The unscripted comments came at a canonisation mass attended by 100,000 pilgrims, including 13 heads of state or government and hundreds of sari-clad nuns from Teresa's order, the Missionaries of Charity.
Queen Sofia of Spain and some 1,500 homeless people also looked on as Francis described Teresa's work in the slums of the Indian metropolis as "eloquent witness to God's closeness to the poorest of the poor."
To applause, he added: "Mother Teresa loved to say, 'perhaps I don't speak their language but I can smile'.
"Let us carry her smile in our hearts and give it to those whom we meet along our journey, especially those who suffer."
The joyful celebratory atmosphere in the Vatican was mirrored in Kolkata, where candles and flowers were laid on Teresa's tomb at the headquarters of her order.
"It is a day of rejoicing, a day of gratitude and a day of many, many blessings," senior sister Mary Lysa said.
Francis also used his sermon to recall Teresa's fervent opposition to abortion, which she termed "murder by the mother" in a controversial Nobel Peace prize speech in 1979.
She "ceaselessly proclaimed that the unborn are the weakest", he said.
The ceremony came on the eve of the 19th anniversary of Teresa's death in Kolkata, where she spent nearly four decades working in wretched slums.

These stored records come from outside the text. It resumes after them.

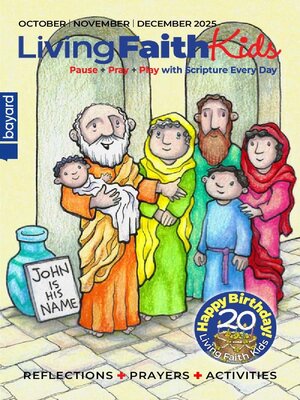 cover image of Living Faith Kids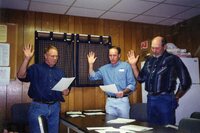 2001 District Commissioners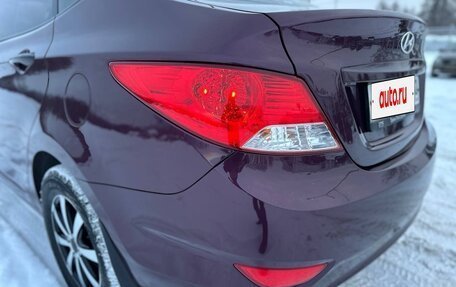 Hyundai Solaris II рестайлинг, 2013 год, 730 000 рублей, 12 фотография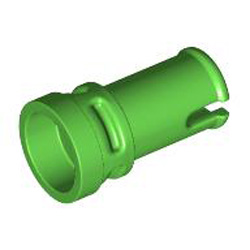 4.85 Bush with Single Tube Bright Green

With the 16th century basilica of St Peter's glinting in the late summer sun, Francis led a ritual mass that has barely changed for centuries.
Speaking in Latin, he declared "blessed Teresa of Calcutta (Kolkata) to be a Saint ... decreeing that she is to be venerated as such by the whole Church."
After the mass, the 79-year-old pontiff boarded an open-topped jeep and toured around St Peter's square and surrounding streets to a rapturous reception from tens of thousands of well-wishers.